Shilatifard Laboratory
Recent Videos from the Shilatifard Lab
Transcriptional elongation control of hypoxic response
A recent publication in PNAS from the Simpson Querrey Institute for Epigenetics in the Shilatifard Laboratory identified the CDK9 complex required for transcriptional response to hypoxia. New findings on the relationship between CDK9, BRD4, and PAF1C provide insight into therapeutically targetable mechanisms that regulate the pause-release of RNA Polymerase II in hypoxia-driven diseases.
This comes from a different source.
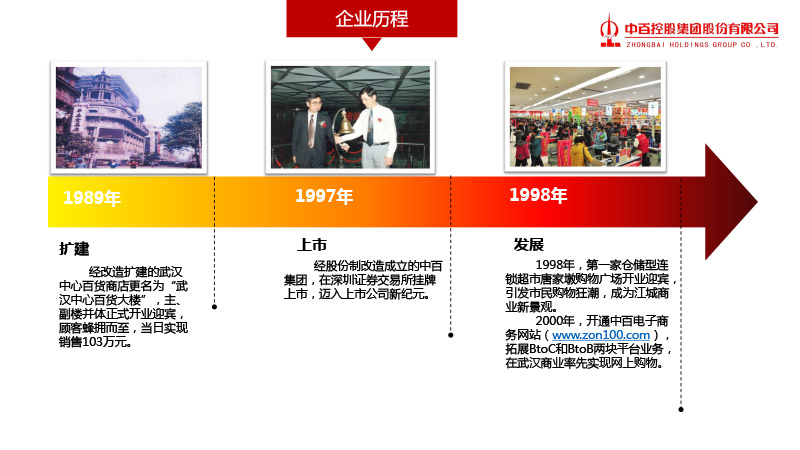 卡卡湾厅·(KKW88)集团公司-官方网站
Localized Genetic Mutations May Serve as Biomarker for Wide Range of Cancers
A recent publication in PNAS from the Simpson Querrey Institute for Epigenetics in the Shilatifard Laboratory discovered that unique amino acid sequence properties and biological functions of mutated MLL4 contribute to the high prevalence of KMT2D mutation rate. Mutant KMT2D transcripts can actually evade nonsense mRNA decay. Instead, these transcripts are expressed as truncated proteins that localize to the cytosol, rather than the nucleus. This finding suggests that MLL4 could potentially be used as a biomarker for prognosis and patient stratification based on predicted sensitivity to targeted therapies.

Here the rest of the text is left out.